The CAP believes that any regulatory framework should employ a three-tiered, stratified schema that utilizes third party accreditors. CAP’s oversight proposal also classifies LDTs based on their complexity and potential risk to patients based upon three categories: low, moderate, and high risk. More information is available in the LDT Advocacy Issue Brief.
Master Political Observer, Charlie Cook, to Speak at CAP Policy Meeting
Get ready for an insider’s look at Washington when political pundit, NBC News analyst and publisher of the Cook Political Report, Charlie Cook takes the stage at the CAP 2013 Policy Meeting, May 6-8 at The Fairmont in Washington, DC.

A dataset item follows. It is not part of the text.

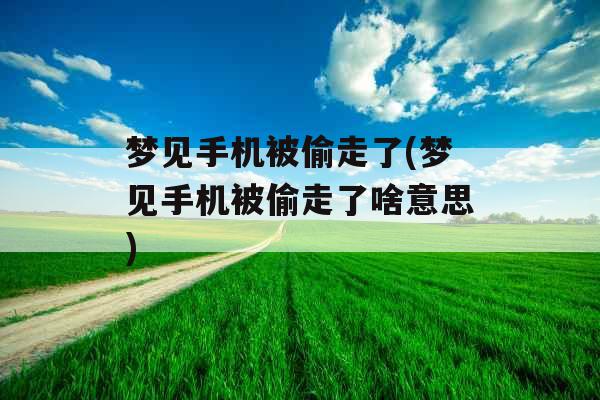 梦见手机被偷走了(梦见手机被偷走了啥意思)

Cook is the editor and a political analyst for the National Journal Group. Once deemed “the Picasso of election analysis” by The Wall Street Journal, Cook produces sharp political handicapping, serving as the one-man, go-to-source for political analysis. His talk will focus on the broad implications for this year’s elections, and future Congressional, gubernatorial and presidential elections.
He has encyclopedic knowledge of all sorts of political races, memorable stories, quick wit, and meaningful insights. Using poll numbers, economic indicators, and historical data, Cook frequently forecasts the fortunes of each party in a balanced, non-partisan manner and provides concrete information regarding today’s political and legislative environments.
The New York Times has called Cook “one of the best political handicappers in the nation” and noted that The Cook Political Report is “a newsletter that both parties regard as authoritative.” Bob Schieffer of CBS News calls it “the bible of the political community,” and David Broder of The Washington Post said Cook is “perhaps the best non-partisan tracker of Congressional races.” In its feature “The Top 50 Journalists in Washington,” The Washingtonian called him a “master observer” and “the man who knows more about politics than anyone else.” In 2010, Cook was a co-recipient of the American Political Science Association’s prestigious Carey McWilliams Award to honor “a major journalistic contribution to our understanding of politics.”